En 12 hectáreas priorizadas —antes destinadas a ganadería extensiva— se sembrarán 10.000 plantas nativas altoandinas hasta finales de marzo, entre ellas puchacalia, piquil, pucacha y chachacomo. Estas especies mejoran la infiltración, reducen la erosión y permiten recuperar la capacidad del páramo para almacenar y regular el agua.
El área intervenida alimenta la vertiente Sumayacu, fuente matriz de varios sistemas comunitarios que abastecen a nueve comunidades, cuatro de ellas dentro de Quito. La iniciativa se articula al fortalecimiento de las juntas de agua, responsables de sistemas cuyo funcionamiento depende directamente del buen estado del ecosistema.

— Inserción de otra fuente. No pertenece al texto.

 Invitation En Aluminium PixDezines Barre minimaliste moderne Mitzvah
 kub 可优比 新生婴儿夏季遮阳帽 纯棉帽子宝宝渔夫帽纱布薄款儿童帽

La siembra se realiza bajo un esquema de corresponsabilidad: las instituciones aportan planificación técnica y plantas; la comunidad contribuye con mano de obra y vigilancia. Para los habitantes, la restauración es una inversión directa en su abastecimiento. En época seca, cuando el caudal disminuye y se aplican racionamientos, la conservación del páramo se vuelve esencial.
El Fonag es una alianza entre el Municipio de Quito, la Epmaps y la organización ambiental The Nature Conservancy, creada para proteger y restaurar las fuentes de agua del Distrito Metropolitano. Su trabajo en Monteserín apunta a garantizar, a mediano y largo plazo, el agua para cientos de familias rurales.